• TO DO: Take nothing but the lines from the one with "You can leave" through the one with "Since this is" in the entries below, both ends kept, and return them exactly with pictures left out.
== DATA LISTING ==
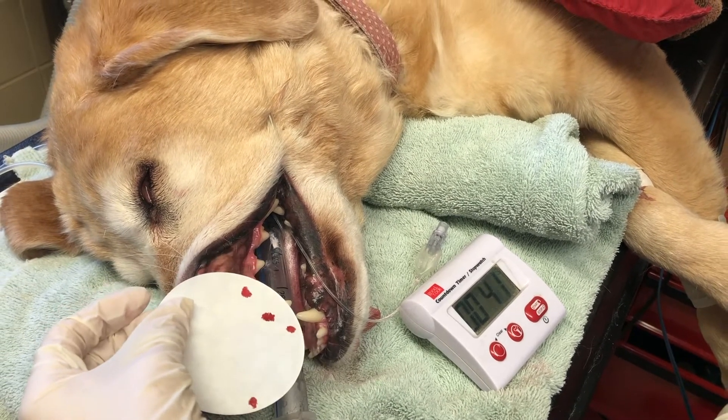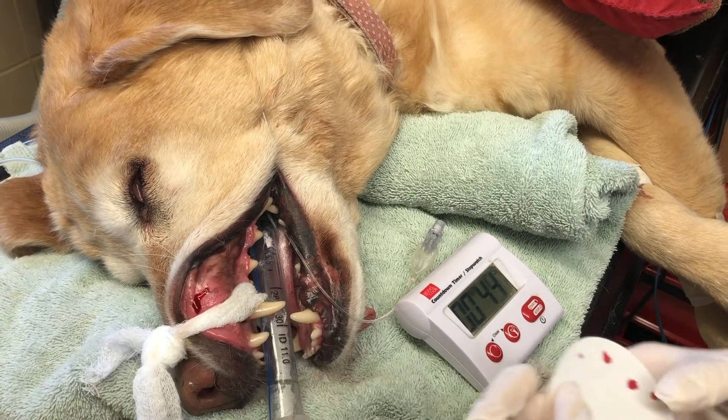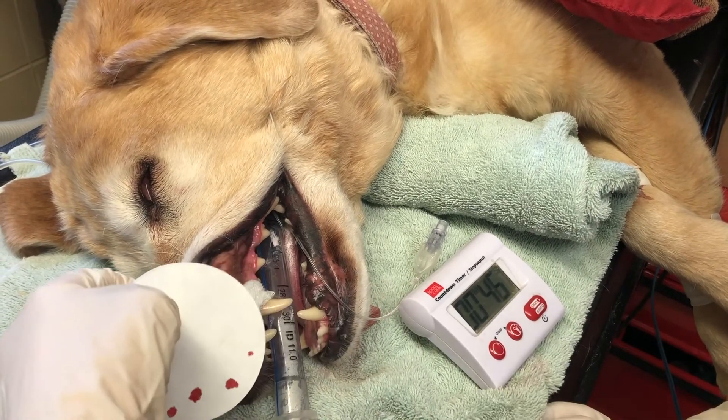So we're just going to keep doing this until our bleeding has stopped.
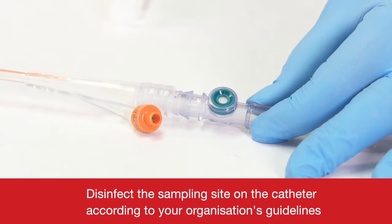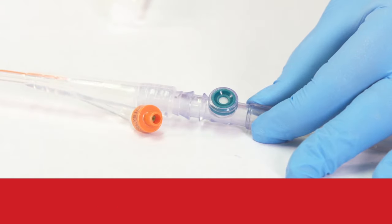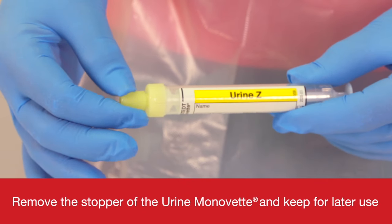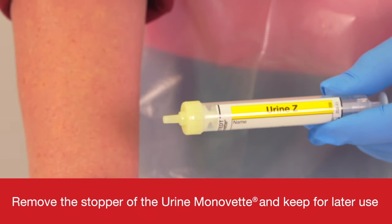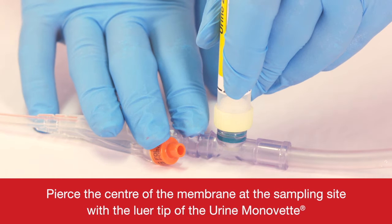Disinfect the sampling site on the catheter according to your organisation's guidelines. Remove the stopper of the Urine Monovette and keep for later use. Pierce the centre of the membrane at the sampling site with the lower tip of the Urine Monovette.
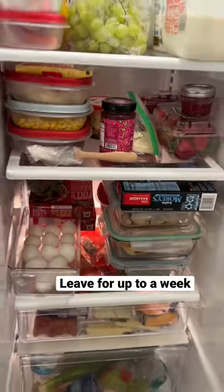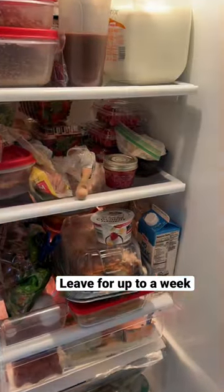You can leave it in here for up to a week. When you're ready, take it back out and start painting again.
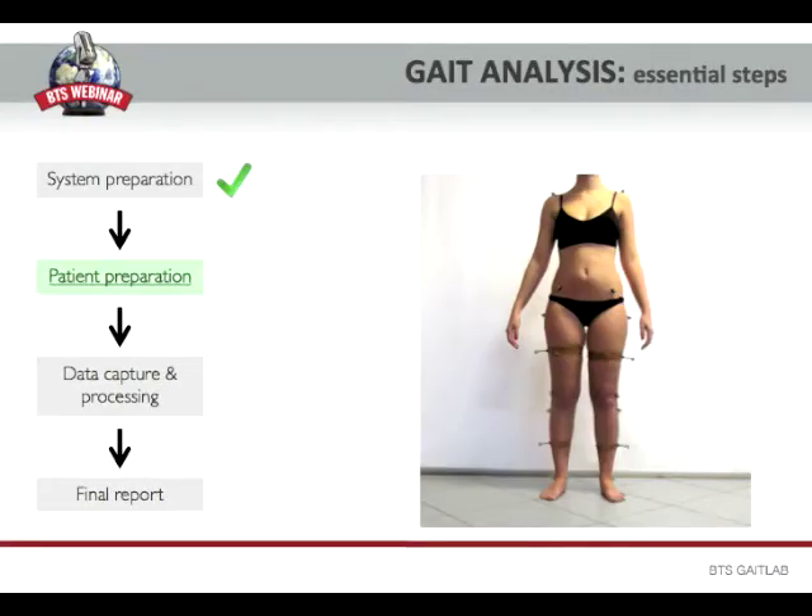The preparation of the patient is a very important phase, because on the basis of the care with which we apply the markers on the patient, we will read more or less accurate data in the clinical report. During this lesson, I try to give you all the useful advice in order to make the marker placement absolutely precise.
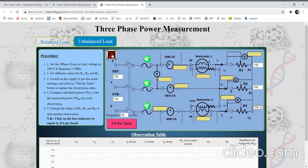Since this is an unbalanced load, they will have different voltage levels across them. Let us take some value of resistance and switch on the supply — all these readings will appear here and we can note them down in the table by simply clicking 'fill in the table.' We can see that there is a difference in the line currents, and if these values are far apart the current will vary even more.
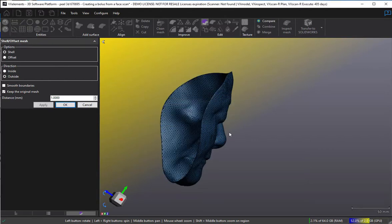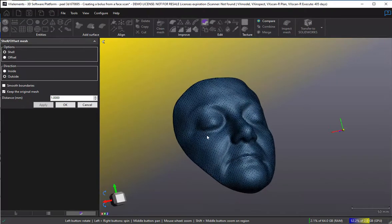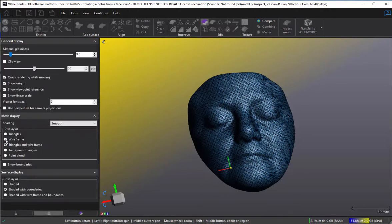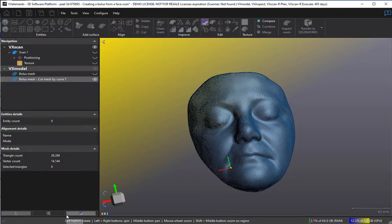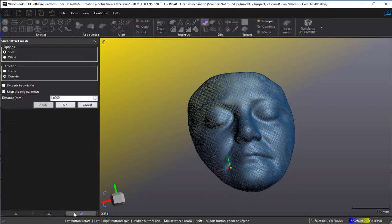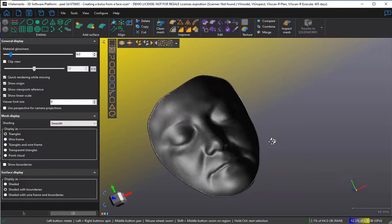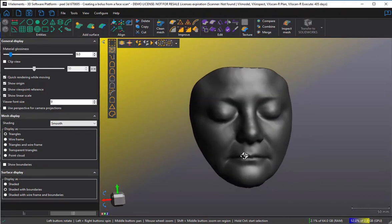We now have a double-thickness sealed mask — we actually have our shape. I'm going to briefly turn off the wire frame so you can see. There we have our accurate representation on the inside and our slightly expanded shell on the outside.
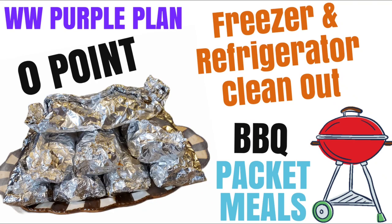Hello friends! Do you have stuff in your refrigerator that's gonna go bad, or stuff that you froze a month ago that you have no idea what to do with? Well, clean out your freezer, clean out your refrigerator, and make these delicious barbecue packet meals. If you're curious, stay tuned and see what I made. They're perfect for Memorial Day, perfect for any barbecue. If you don't have a barbecue, perfect for the air fryer or for the oven as well.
===
• RESULT BELOW:
You can leave it in here for up to a week. When you're ready, take it back out and start painting again.
The preparation of the patient is a very important phase, because on the basis of the care with which we apply the markers on the patient, we will read more or less accurate data in the clinical report. During this lesson, I try to give you all the useful advice in order to make the marker placement absolutely precise.
Since this is an unbalanced load, they will have different voltage levels across them. Let us take some value of resistance and switch on the supply — all these readings will appear here and we can note them down in the table by simply clicking 'fill in the table.' We can see that there is a difference in the line currents, and if these values are far apart the current will vary even more.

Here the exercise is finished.